If there are two candidates left for the membership to choose from, there will be an online ballot of the membership next week, with the result declared on Friday. Before that, the ’22 have already said that there will be “an indicative vote” between them first by MPs. The purpose of this is to send a powerful and unambiguous message to the membership about whom MPs want as leader. In choosing Ms Truss last time they went against the MPs’ first preference of Sunak.
If Mr Sunak and Ms Mordaunt are the final two, they could still take the decision out of the membership’s hands by agreeing that one who has least backing from MPs withdraw in favour of the one with most, allowing him or her to become prime minister. They would also both commit in advance to serve in the same cabinet and to keep Jeremy Hunt as chancellor .
Such a smooth transition would be derailed if there is a third candidate with 100 nominations.
All eyes are on Boris Johnson, who is said, like Donald Trump, to want a comeback. If, and it is a big if, he gets on to the starting grid, there could be a stampede of MPs who might decide he looks like a vote winner and put him into the second round against either Ms Mordaunt or Mr Sunak.
His chances of victory and re-election by the membership would be very high. He is popular and he is the only candidate who can claim a personal mandate, having led the party to victory in the 2019 general election.
But, but, but.
Tory MPs and cabinet ministers turfed out Mr Johnson this summer for serial dishonesty and sending others out to lie on his behalf. Jacob Rees-Mogg, Nadine Dorries and a few diehards may be calling on him to return but he has never been loved by the rank and file of the parliamentary party, who control the nominations. Nor does he fit snuggly with the libertarian, UKIP-style entryists of the European Research Group, who are now fighting a rear-guard action to preserve their influence in the party.

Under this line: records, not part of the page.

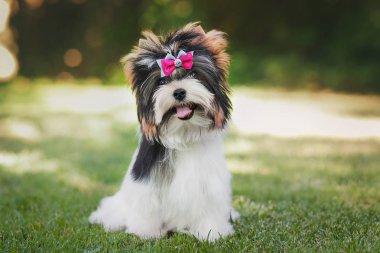 Güzel bisikletçi köpek yavrusu.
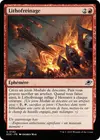 Product image for Lithofreinage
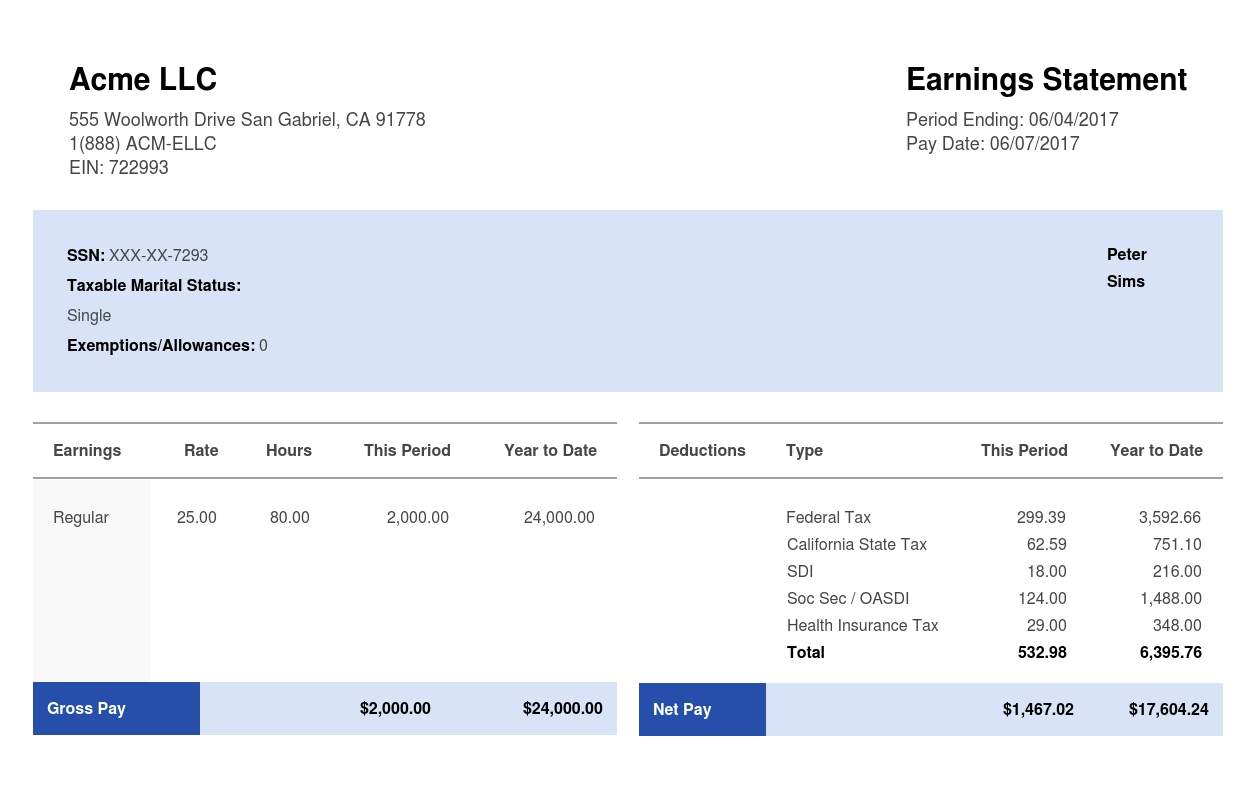 40+ Effective and Printable Pay Stub Templates for Employees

There are obvious efforts by Johnson supporters in parliament and the media to talk him up this weekend. But his shooting star support from some MPs could easily plateau short of 100 nominations. If so, having drawn attention to himself yet again, Mr Johnson would most likely return to his less demanding, more lucrative exertions on the US lecture circuit.
Could an unlikely outsider emerge?
If it is not Mr Johnson, someone else could emerge as the third challenger.
Suella Braverman fancies her chances and her sacking as Ms Truss’s home secretary positions her to rally the right. Kemi Badenoch also has high ambitions.
Fortunately for Ms Mordaunt or Mr Sunak, Jeremy Hunt and Ben Wallace have both ruled themselves out of the race. It is unlikely anyone else would be able to muster 100 nominating signatures.
Shell-shocked Tory MPs do not want to take the risk of taking a punt on another incoherent or incompetent leader. They want a well-known figure with a proven track record to steady the ship.
In the ultimate reckoning, this is likely to count against Ms Mordaunt. At 49, she is older than Mr Sunak, 42, and has been in parliament five years longer, since 2010. But she has served barely two years as a cabinet minister.
Mr Sunak by contrast has three years in cabinet under his belt, two of them as the chancellor who piloted the economy through COVID.
MPs have the future of the nation in their hands. One option would be to open the door to the return of the discredited individual they kicked out a few months ago. Or they could shut him out for good and opt for a technocrat.